If you’ve been looking into data science you probably have some questions. There’s a lot of confusion surrounding what data science is and what it entails, how it differs from fields like machine learning, and what the journey to becoming a data scientist involves.
One common source of misunderstanding is just how data science differs from statistics, with which it has much in common.
We’re going to address this issue right now.
What Is Statistics?
Statistics is a field which addresses itself to the problem of appropriately collecting, processing, and drawing understanding from large quantities of information.
It’s a highly interdisciplinary field, looking at times like mathematics, at times like philosophy, and impacting everything from psephology (the analysis of election numbers) to betting on baseball games to investing in the stock market.

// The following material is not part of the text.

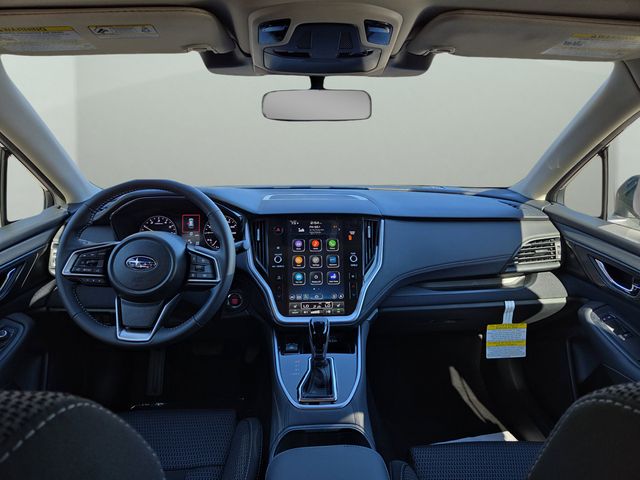 2025 Subaru Outback Premium photo 2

There are a number of important ideas that have made their way into the popular imagination via statistics, including the difference between risk and uncertainty and the consequences of rare, high-impact ‘black swan’ events.
What Is Data Science?
Data science is a field lying at the intersection of computer science, programming, and statistics. Its focus is on using tools like cloud computing, parallel processing, and machine learning to guide business decisions and otherwise make sense of the world.
The term ‘data science’ is notoriously hard to pin down definitively, and the problems solved by a data scientist will depend enormously on their place of work. A lot of what I do is building financial models to spot trends in the price of cryptoassets and seeing if these prices correlate with other time series data. I have a friend whose entire job is building different kinds of neural networks with TensorFlow and Keras, and another that uses so-called ‘unsupervised learning’ algorithms to find hidden patterns in legacy data.

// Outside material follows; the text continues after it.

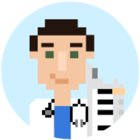 Avatar for Yermie Cohen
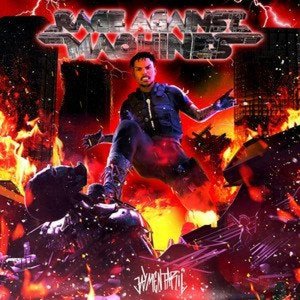 Rage Against Machines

But we’re all considered data scientists.
How Are Statistics and Data Science Different?
From the previous two sections it’s obvious that data science and statistics have a lot in common while ultimately being different.
Statistics is primarily a theoretical discipline which builds tools for making sense of data and acting under uncertainty. Data science is a broader term encompassing the application of techniques from statistics and lots of other places to accomplish goals.
Hopefully with this clarity, you’ll be one step closer to becoming a data scientist (or at least being less confused in conversations about data science)!